A description of the problem follows:

On January 28, 1986, the NASA space shuttle program launched its 25th shuttle flight from Kennedy Space Center in Florida. Seventy-three seconds into the flight, the external fuel tank collapsed and spilled liquid oxygen and hydrogen. These chemicals ignited, destroying the space shuttle Challenger and killing all seven crew members (including Ronald E. McNair, for whom the McNair program is named, and Christa McAuliffe, a school teacher).

Warning

Watching the Youtube video linked below is completely optional. This was live coverage of the failed launch that can be difficult to watch, linked here.

Note

There is also a Netflix documentary special called Challenger: The Final Flight that covers some of the following issues.

Investigations showed that an O-ring seal in the right solid rocket booster failed to isolate the fuel supply. Because of their size, the rocket boosters were built and shipped in separate sections. A forward, center, and aft field joint connected the sections. Two O-rings (one primary and one secondary), which resemble giant rubber bands 0.28 inches thick, but 37 feet in diameter, were used to seal the field joints between each of the sections.

The O-ring seals were intended to stop the gases inside the solid rocket booster from escaping. However, the cold outside air temperature caused the O-rings to become brittle and fail to seal properly. Gases at 5800 degrees F escaped and burned a hole through the side of the rocket booster. Could this disaster have been avoided? The problem with the O-rings was recognized by the engineers who designed them. One day before the flight, the predicted temperature for the launch was 26 degrees to 29 degrees F. The actual launch temperature was 31 degrees F. Concerned that the O-rings would not seal at these temperatures, the engineers opposed the launching of the Challenger and tried to convince officials not to launch the shuttle. Even though they understood the severity of the problem, the engineers were unable to properly communicate their evidence to officials.

A very poor data visualization contributed to the miscommunication. The graph that was used to make the decision to launch excluded data from launches without any incidents. You can examine the graph used on page 5 of this link. The y-axis is O-ring damage while the x-axis is temperature.

However, when all of the data points are used, from both flights with an incident and without incidents, a trend becomes much more clear.

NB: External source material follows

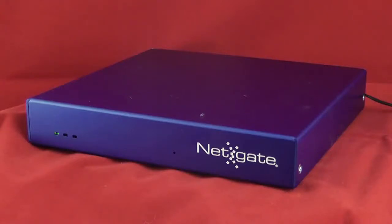Hello, this is Jim. This is just a quick demonstration on how to perform a factory reset on your APU.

Exercise 1. Read in the Challenger.csv data file, which contains the variables Temperature (the temperature of the launch in Farenheit) and SuccessfulLaunch (a 1 if the launch had no O-ring damage and a 0 if the launch was did have some O-ring damage). Note that, even with some O-ring damage, a launch would not necessarily fail. Each row corresponds to a test launch of the shuttle.

library(tidyverse)
library(here)
theme_set(theme_minimal())
challenger_df <- read_csv(here("data/Challenger.csv"))

Exercise 2. Fit a logistic regression model with SuccessfulLaunch as the response variable and Temperature as the predictor. Interpret the resulting coefficient for Temperature in terms of either the log-odds of a successful launch or in terms of the odds of a successful launch.

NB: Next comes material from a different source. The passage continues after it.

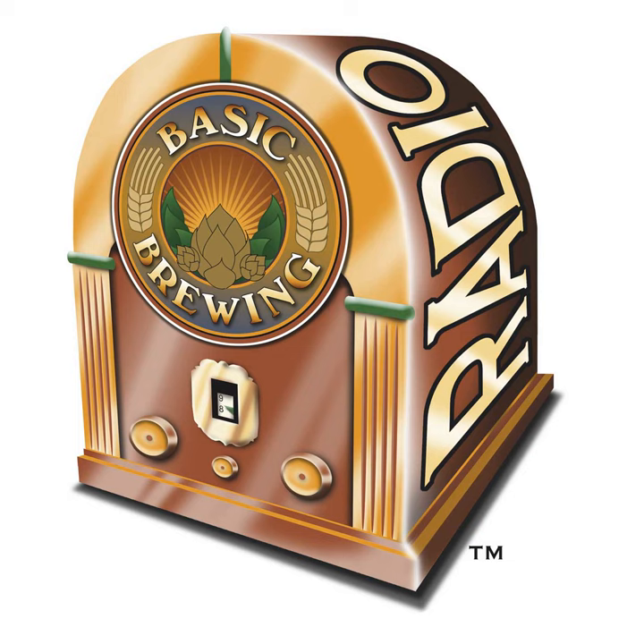This week, the second part of our three-part interview with Dave Logsdon of Wyeast. In this section, we answer some of the questions that came from listeners about yeast and how to get the most out of it. We've got a pretty long interview this week, so I want to go quickly through a couple of reminders and the mailbag and get right into it.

Exercise 3. Construct a visualization of the fitted regression model on the probability scale (so not on the odds or log-odds scale).

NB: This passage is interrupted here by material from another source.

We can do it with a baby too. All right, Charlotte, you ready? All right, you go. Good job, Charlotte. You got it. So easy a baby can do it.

Exercise 4: To your plot, add a vertical line at 31 degrees Farenheit, which was the temperature at the time of the actual launch.

Exercise 5. Write a memo urging NASA to consider postponing the flight. Consider what would be more helpful in your memo: the regression coefficient interpretation or the visualization.

12.3 Your Turn

Exercise 1. There were analysis mistakes that likely contributed to the Challenger tragedy, but, would you consider the negligence of including data points unethical. Give a reason for your choice.

Exercise 2. Suppose that you complete an analysis but you make a mistake in the process. As a result, there is some harm to a person or a group of people. Would you consider this an ethical violation? What else might you want to know about this situation before making a decision on whether your mistake was a violation of ethics?